He added that there was a “strong merits case” that some of the redrawn lines violate the Voting Rights Act but he said he planned to toss it unless the Justice Department becomes a plaintiff within a week.
The lawsuit was filed by the ACLU on behalf of the Arkansas Public Policy Panel and the Arkansas State Conference NAACP on Dec 29, according to the Arkansas Democrat-Gazette.
Arkansas Gov. Asa Hutchinson, Attorney General Leslie Rutledge and Secretary of State John Thurston, all Republicans, are named in the lawsuit. The three make up the Board of Apportionment, which draws the restricting map.
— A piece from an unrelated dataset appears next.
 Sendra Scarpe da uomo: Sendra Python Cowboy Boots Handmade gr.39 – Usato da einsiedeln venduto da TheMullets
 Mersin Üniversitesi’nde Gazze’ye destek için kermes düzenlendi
“I am extremely pleased with the district court’s decision effectively dismissing the plaintiffs’ frivolous request to order new House district maps for the 2022 election,” Rutledge said Thursday, according to Politico. “Arkansans can now move forward with choosing their elected representatives.”
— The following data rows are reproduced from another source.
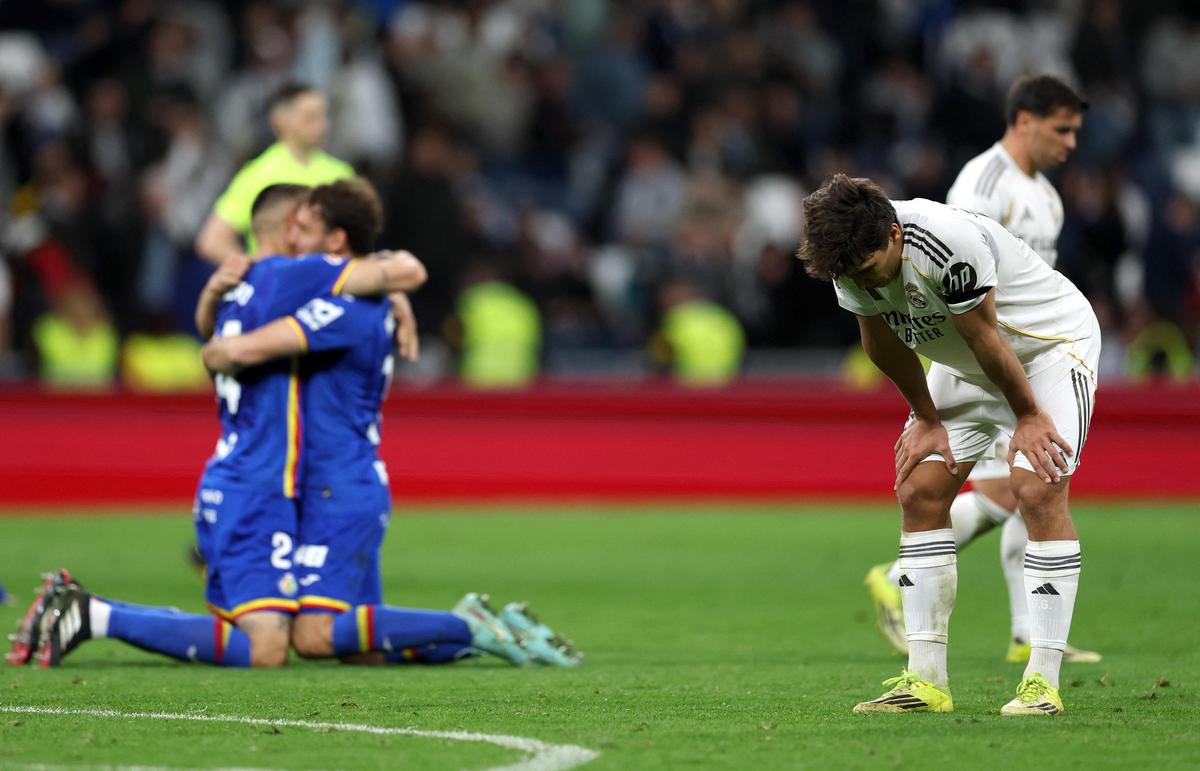 Real Madrid slip four points behind Barcelona in La Liga after latest match result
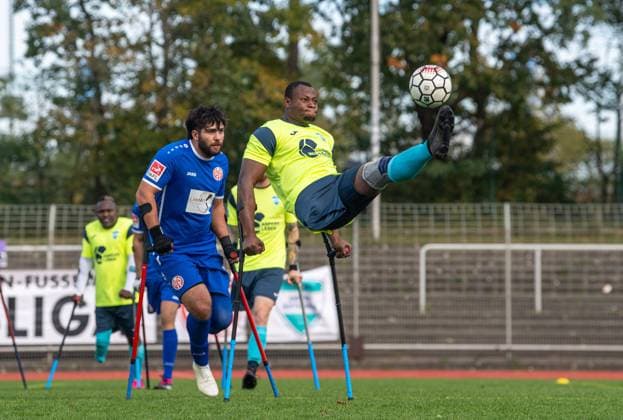Soccer, Season 2024 2025, Amputee Bundesliga Final Matchday , Mainz 05 Kickoff Hoffenheim Semifinal , v l Robin Menger Mainz 05 , Djalilou Agbere Hoffenheim , 12 10 2024, Copyright: xSebastianxRäppold MatthiasxKochx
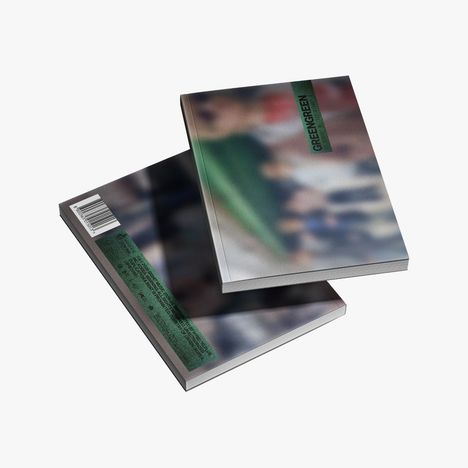 Zwei Bücher mit unscharfem Cover, grüner Text "GREEN GREEN" auf einem, darunter teils lesbare Barcode.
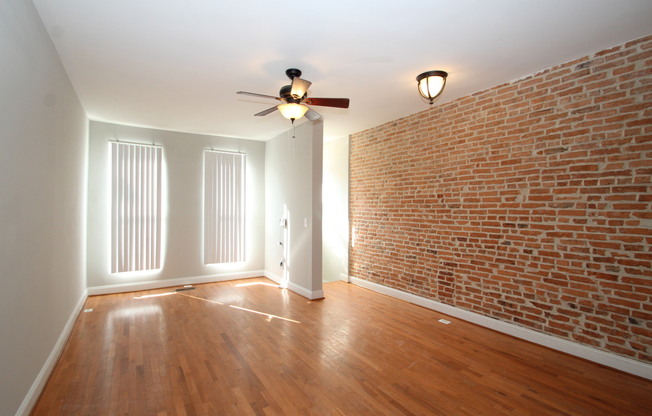Updated & Lovely Harwood 3bd/1ba rowhome w/ CAC! Available 6/1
The lawsuit claims that under the new lines, only 11 out of 100 House districts in the state are Black majority even though 15.5% of eligible voters in Arkansas are Black.
On Feb. 8, Rudofsky, calling himself a “lowly district judge,” expressed frustration over federal law that says race should be a consideration along with other factors like not splitting up communities in newly drawn districts.
“It’s very hard for me to figure out what these courts mean when they say don’t take race into account a lot but take race into account,” he said, according to the Gazette. “I understand what they’ve said, but it sounds a whole lot more like a system we’ve set up to say something and then not really do what we’re saying and I don’t know how to resolve that … I’m just a lowly district judge, and I don’t get to change what the Supreme Court has said. But it strikes me that there really doesn’t seem to be a lot of room between don’t let race predominate but take race into account.”
Lawsuits over redistricting maps have been brought in several states.